Por que não lhe disse?
Porque há um provérbio inglês que diz: ‘Elm hateth man and waiteth’. ‘O olmo odeia o homem e espera’. Porquê? Porque os caixões eram feitos de olmo.
Ele conheceria esse provérbio?
Talvez não. Mas é o tipo de coisa que, em condições normais, ele teria adorado que eu lhe contasse. É o protótipo da coisa que ele teria gostado de saber.
Além de objetos pessoais, os filhos ficaram com outras peças que tivessem significado?
Algumas coisas. Mas é difícil, porque somos cinco e havia assimetria naquilo que se queria. Foram tiradas algumas coisas mas não são muito significativas. Excetuando aquelas que vão ficar num cofre, na casa de um de nós, e que ficam como o núcleo essencial do legado do meu pai e da minha mãe. Além das peças de que o meu pai gostava muito e que não são de grande valor. Ao longo da vida do meu pai fizeram-lhe muitos quadros. Alguns são bons. Isso não vai a leilão. Não vou vender a cara do meu pai.
E o que vai acontecer à biblioteca?
A biblioteca não vai a leilão para já.
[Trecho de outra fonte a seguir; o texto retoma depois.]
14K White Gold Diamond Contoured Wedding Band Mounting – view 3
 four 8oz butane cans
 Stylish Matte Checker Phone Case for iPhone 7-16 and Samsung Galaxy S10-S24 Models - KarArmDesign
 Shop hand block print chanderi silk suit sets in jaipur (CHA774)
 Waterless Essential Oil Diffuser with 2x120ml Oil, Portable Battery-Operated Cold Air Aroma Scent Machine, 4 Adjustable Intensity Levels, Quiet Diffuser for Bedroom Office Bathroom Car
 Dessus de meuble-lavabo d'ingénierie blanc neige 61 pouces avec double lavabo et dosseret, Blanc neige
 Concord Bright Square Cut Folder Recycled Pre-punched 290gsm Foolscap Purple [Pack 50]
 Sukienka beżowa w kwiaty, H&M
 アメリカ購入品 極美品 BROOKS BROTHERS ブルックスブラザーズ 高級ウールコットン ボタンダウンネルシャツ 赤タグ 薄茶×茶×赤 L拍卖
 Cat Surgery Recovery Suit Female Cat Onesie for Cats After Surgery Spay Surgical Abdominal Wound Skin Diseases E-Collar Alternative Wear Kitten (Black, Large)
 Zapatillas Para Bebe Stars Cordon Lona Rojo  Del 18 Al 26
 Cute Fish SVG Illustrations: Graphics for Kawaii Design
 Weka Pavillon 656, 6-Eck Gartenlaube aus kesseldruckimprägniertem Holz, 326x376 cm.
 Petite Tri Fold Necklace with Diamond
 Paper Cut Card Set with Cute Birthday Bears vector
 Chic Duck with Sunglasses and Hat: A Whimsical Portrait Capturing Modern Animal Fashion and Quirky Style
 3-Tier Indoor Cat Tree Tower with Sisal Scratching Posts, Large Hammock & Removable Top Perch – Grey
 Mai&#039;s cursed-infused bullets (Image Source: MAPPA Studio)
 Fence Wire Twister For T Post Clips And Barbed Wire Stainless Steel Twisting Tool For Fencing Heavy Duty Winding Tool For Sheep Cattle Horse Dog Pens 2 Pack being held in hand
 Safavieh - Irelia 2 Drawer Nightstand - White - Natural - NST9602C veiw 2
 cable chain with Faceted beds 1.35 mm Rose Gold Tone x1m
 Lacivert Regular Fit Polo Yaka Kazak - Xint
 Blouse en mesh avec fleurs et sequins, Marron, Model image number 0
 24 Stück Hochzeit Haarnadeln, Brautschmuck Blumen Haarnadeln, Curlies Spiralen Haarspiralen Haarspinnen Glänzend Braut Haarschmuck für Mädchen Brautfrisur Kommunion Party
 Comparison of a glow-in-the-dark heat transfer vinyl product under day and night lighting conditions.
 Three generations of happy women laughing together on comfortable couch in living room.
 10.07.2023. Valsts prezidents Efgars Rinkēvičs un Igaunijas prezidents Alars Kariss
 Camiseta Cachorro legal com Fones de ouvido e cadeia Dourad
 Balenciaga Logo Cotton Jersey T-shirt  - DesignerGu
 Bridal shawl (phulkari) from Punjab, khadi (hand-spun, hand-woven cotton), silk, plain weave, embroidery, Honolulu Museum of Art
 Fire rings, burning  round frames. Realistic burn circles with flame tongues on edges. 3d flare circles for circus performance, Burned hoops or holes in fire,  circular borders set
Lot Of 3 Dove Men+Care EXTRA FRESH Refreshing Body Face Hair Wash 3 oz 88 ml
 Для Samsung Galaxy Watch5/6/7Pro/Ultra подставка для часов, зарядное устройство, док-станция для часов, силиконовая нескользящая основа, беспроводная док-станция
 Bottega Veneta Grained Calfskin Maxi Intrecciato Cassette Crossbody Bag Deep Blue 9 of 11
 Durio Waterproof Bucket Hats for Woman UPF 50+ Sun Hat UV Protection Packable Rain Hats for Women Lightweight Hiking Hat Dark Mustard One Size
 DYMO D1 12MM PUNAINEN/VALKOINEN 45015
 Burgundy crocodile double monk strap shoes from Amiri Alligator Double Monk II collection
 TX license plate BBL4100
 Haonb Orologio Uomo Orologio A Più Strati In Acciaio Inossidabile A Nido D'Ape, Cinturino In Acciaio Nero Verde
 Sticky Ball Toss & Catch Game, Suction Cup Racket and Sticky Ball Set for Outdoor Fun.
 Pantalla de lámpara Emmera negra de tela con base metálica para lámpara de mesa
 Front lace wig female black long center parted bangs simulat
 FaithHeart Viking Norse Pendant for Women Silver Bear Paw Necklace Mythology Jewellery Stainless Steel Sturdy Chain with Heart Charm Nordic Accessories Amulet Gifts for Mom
Pouco antes de o meu pai adoecer houve um fogo – uma lareira que funcionou mal – e queimaram-se alguns livros. Nessa altura teve de se afastar aquilo tudo. A biblioteca ficou muito desarrumada. Vamos ver se conseguimos pôr alguma ordem. Aquela biblioteca é gira porque aquilo são na verdade os restos de três bibliotecas diferentes: a do meu pai, a do meu avô paterno e a do meu avô materno. Acho fascinante a ideia de andar por ali e pensar: isto são as bibliotecas de três famílias de humanistas. Talvez seja por gostar muito de livros, mas vou ter a maior dificuldade em desfazer isto.